The Animal-AI Olympics is going to treat AI like a lab rat

The $10,000 competition will test AI with challenges that were originally designed to test animal cognition—to see how close we are to machines that have common sense.

Oscar Schwartzarchive page

April 1, 2019

Ms. Tech; Images: Wikimedia commons

In one of Aesop’s fables, a thirsty crow finds a pitcher with a small amount of water beyond the reach of its beak. After failing to push the pitcher over, the crow drops pebbles in one by one until the water level rises, allowing the bird to have a drink. For Aesop, the fable showed the superiority of intelligence over brute strength.

Two and a half millennia later, we might get to see whether AI could pass Aesop’s ancient intelligence test. In June, researchers will train algorithms to master a suite of tasks that have traditionally been used to test animal cognition. This will be the Animal-AI Olympics, with a share in a $10,000 prize pool on offer.

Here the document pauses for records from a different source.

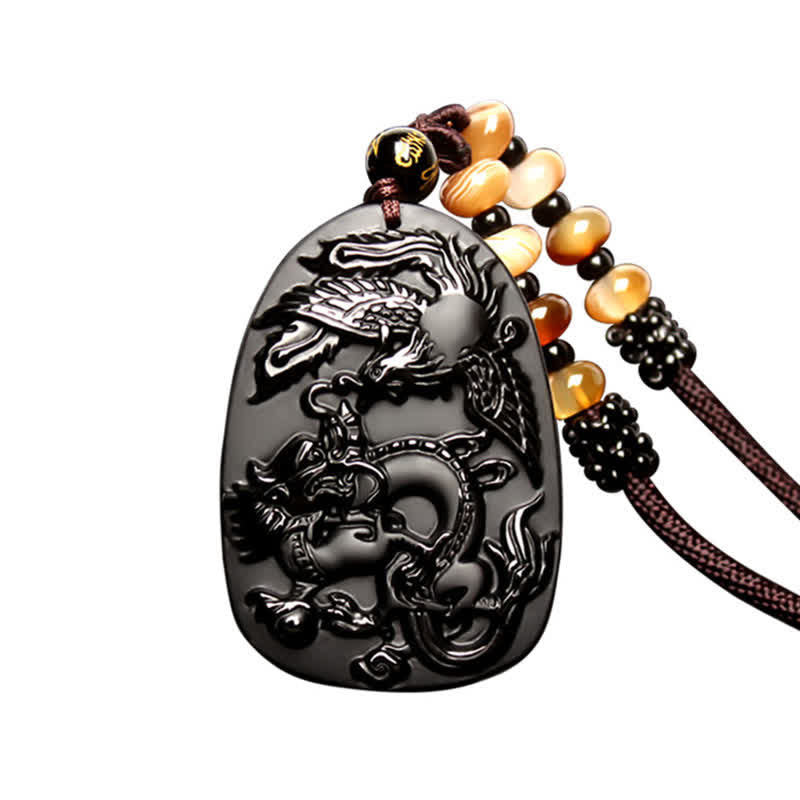 Collier dragon en obsidienne noire avec pendentif œil de tigre pour la protection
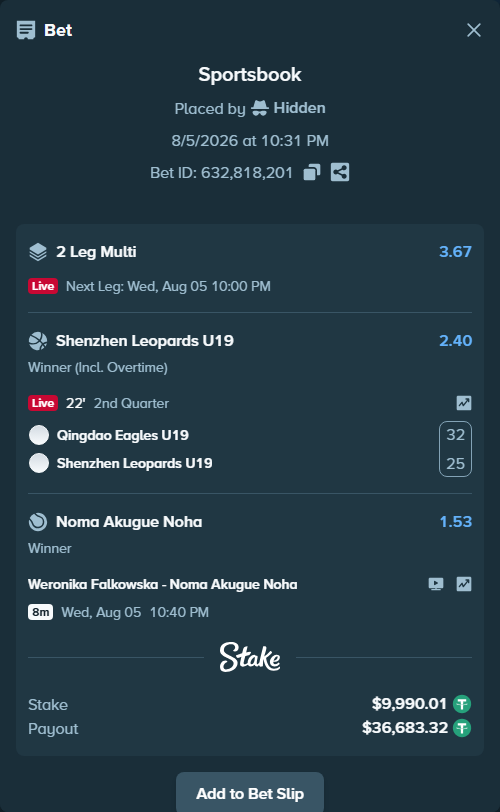 Bet slip: Qingdao Eagles - Shenzhen Leopards, $10,000.00 stake at 2.40 odds, placed by Hidden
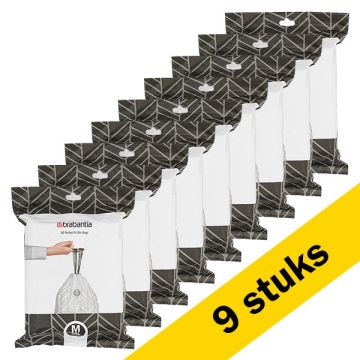 Aanbieding: 9x Vuilniszakken met trekband 60 liter | Brabantia Code M dispenser pack | 40 stuks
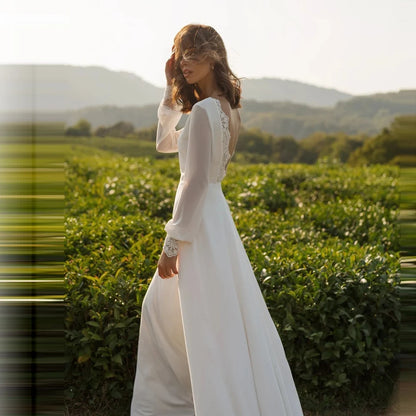 Robes de mariée françaises col rond ligne A manches longues robe de mariée élégante appliques en dentelle robe de mariée grande taille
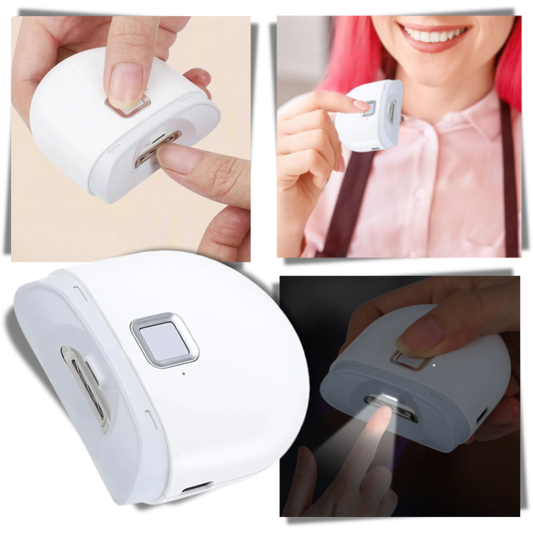 Dual-speed electric nail clipper with LED; white, sleek design for precise, safe, and convenient nail care for all ages.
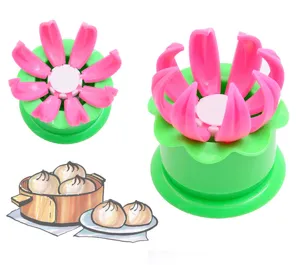 Manuelle Teigtaschen Form Kunststoff DIY Kchenwerkzeug grn rosa Blumenform fr Dumpling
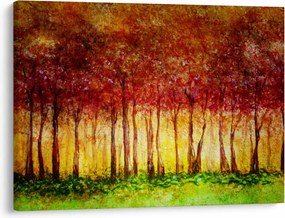 Obraz - Malowanie lasu liściastego (70x50 cm)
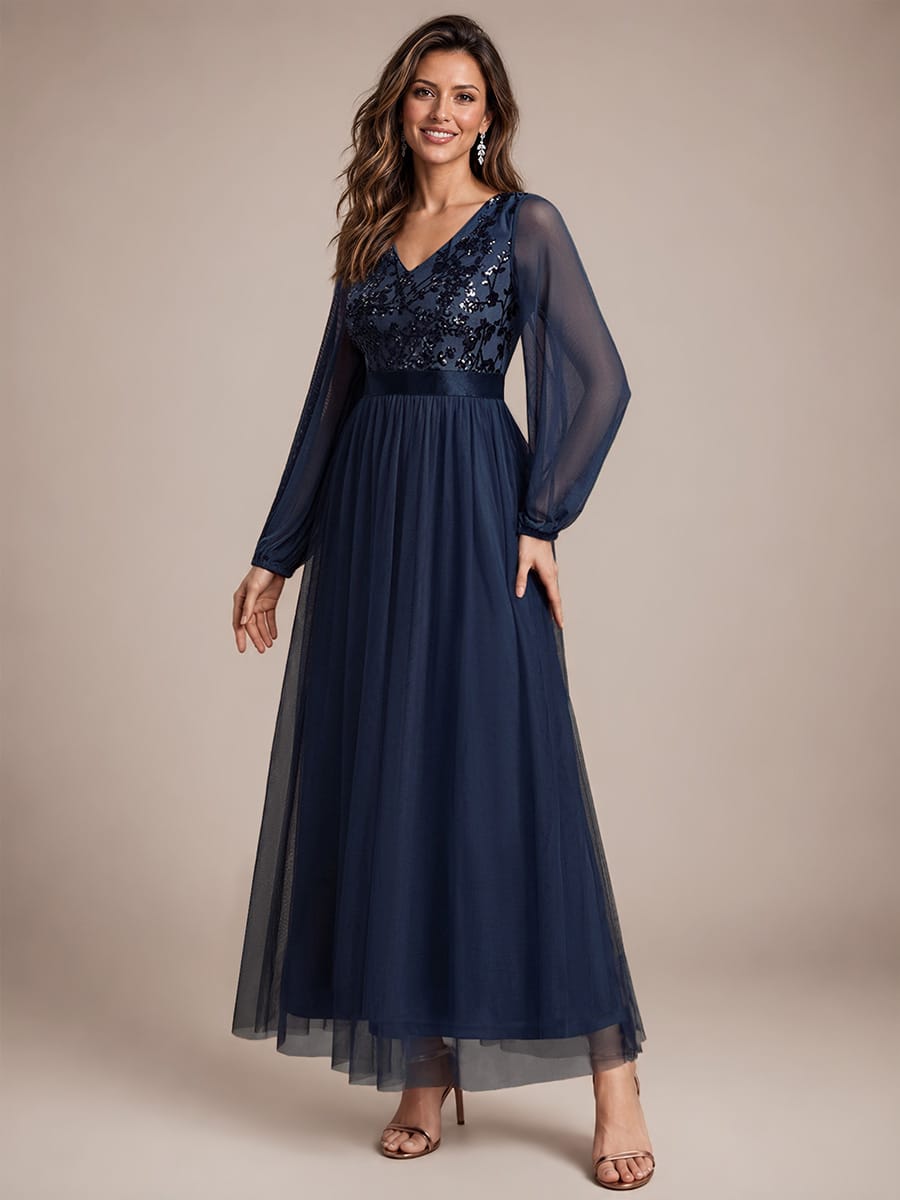 Tulle Maxi Length V-neckline A-line Puff Sleeve Back zipper Evening Dresses #color_Navy Blue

Usually, AI benchmarks involve mastering a single task, like beating a grandmaster in Go or figuring out how learn a video game from scratch. AI has been extraordinarily successful in such realms. But when you apply the same AI systems to a totally different task, they are generally hopeless. That is why, in the Animal-AI Olympics, the same agent will be subjected to 100 previously unseen tasks. What is being tested is not a particular type of intelligence but the ability for a single agent to adapt to diverse environments. This would demonstrate a limited form of generalized intelligence—a type of common sense that AI will need if it is ever to succeed in our homes or in our daily lives. The competition organizers accept that none of the AI systems will be able to adapt perfectly to every circumstance or post a perfect score. But they hope that the best systems will be able to adapt to tackle the different problems they face.

The Animal-AI Olympics is the creation of a team of researchers at the Leverhulme Centre for the Future of Intelligence in Cambridge, England, along with GoodAI, a Prague-based research institute. The competition is part of a bigger project at the Leverhulme Centre called Kinds of Intelligence, which brings together an interdisciplinary team of animal cognition researchers, computer scientists, and philosophers to consider the differences and similarities between human, animal, and mechanical ways of thinking. And while most of the tasks are typically used as intelligence tests for animals, it will also tiptoe into human territory: some of the challenges are used to test cognition in babies and young children. The group hopes to include more human cognitive tasks in future, more complex, versions of the challenge.

Rather than asking researchers to build physical robots, Marta Halina, the group’s director, and her team developed a virtual environment created with the video-game development software Unity. The setup simulates a lab testing environment for animal cognition, complete with food rewards, walls, and movable objects. Later this month, this simulated “playground,” as Halina calls it, will be released to the AI community, and researchers will be invited to train agents that can navigate it.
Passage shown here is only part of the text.